729 F.3d 357, 2013 U.S. App. LEXIS 18459, 2013 WL 4752020
CourtCourt of Appeals for the Third Circuit
DecidedSeptember 5, 2013
Docket12-3434
StatusPublished
Cited by62 cases

This text of 729 F.3d 357 (G. Jang v. Boston Scientific SciMed Inc) is published on Counsel Stack Legal Research, covering Court of Appeals for the Third Circuit primary law. Counsel Stack provides free access to over 12 million legal documents including statutes, case law, regulations, and constitutions.

Bluebook
G. Jang v. Boston Scientific SciMed Inc, 729 F.3d 357, 2013 U.S. App. LEXIS 18459, 2013 WL 4752020 (3d Cir. 2013).

Opinions

OPINION

SLOVITER, Circuit Judge.

This appeal concerns a multimillion-dollar contract dispute over the distribution of profits from medical patents. In particular, it involves U.S. Patent No. 5,922,021 (“the '021 patent”), awarded to appellant G. David Jang for coronary stent technology. Jang, a doctor and inventor, sued Boston Scientific Corporation (“BSC”), the company to which Jang assigned his coronary stent patents, for breach of the patent assignment agreement (“Agreement”). The Agreement requires BSC to share profits from the patents with Jang, including any damages it recovers from third-party infringers.

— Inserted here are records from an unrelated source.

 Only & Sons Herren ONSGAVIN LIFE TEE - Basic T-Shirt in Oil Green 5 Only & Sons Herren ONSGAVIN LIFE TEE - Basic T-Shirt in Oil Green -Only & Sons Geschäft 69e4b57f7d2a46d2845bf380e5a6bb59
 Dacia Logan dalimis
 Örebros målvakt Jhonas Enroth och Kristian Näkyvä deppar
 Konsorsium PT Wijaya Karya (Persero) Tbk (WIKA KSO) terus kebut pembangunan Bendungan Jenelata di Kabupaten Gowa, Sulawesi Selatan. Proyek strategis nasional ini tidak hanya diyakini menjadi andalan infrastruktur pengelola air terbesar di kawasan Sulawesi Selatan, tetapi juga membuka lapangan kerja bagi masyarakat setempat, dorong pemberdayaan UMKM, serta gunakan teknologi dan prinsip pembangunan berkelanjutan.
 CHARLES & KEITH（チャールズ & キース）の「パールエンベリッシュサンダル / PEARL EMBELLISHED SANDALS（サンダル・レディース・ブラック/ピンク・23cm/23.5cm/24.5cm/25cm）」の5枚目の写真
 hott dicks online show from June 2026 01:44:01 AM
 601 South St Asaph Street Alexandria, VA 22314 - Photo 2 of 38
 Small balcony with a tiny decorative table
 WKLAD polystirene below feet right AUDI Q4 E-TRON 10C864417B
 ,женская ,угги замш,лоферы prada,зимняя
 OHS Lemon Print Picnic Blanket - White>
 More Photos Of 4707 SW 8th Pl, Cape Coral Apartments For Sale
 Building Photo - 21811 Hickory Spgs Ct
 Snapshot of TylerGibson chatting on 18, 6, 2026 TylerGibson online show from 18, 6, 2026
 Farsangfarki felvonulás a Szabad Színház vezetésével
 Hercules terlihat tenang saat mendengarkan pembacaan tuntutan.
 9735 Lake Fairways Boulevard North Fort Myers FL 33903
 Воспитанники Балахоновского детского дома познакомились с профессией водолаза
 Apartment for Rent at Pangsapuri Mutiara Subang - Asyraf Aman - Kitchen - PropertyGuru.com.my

In 2010, BSC settled a claim against the Cordis Corporation (“Cordis”) for infringement of the '021 patent in combination with a claim that Cordis had against BSC. The net result was that BSC made a payment to Cordis, and the parties exchanged several patent licenses. BSC then denied that it had recovered any damages that it was obligated to share with Jang, and Jang sued.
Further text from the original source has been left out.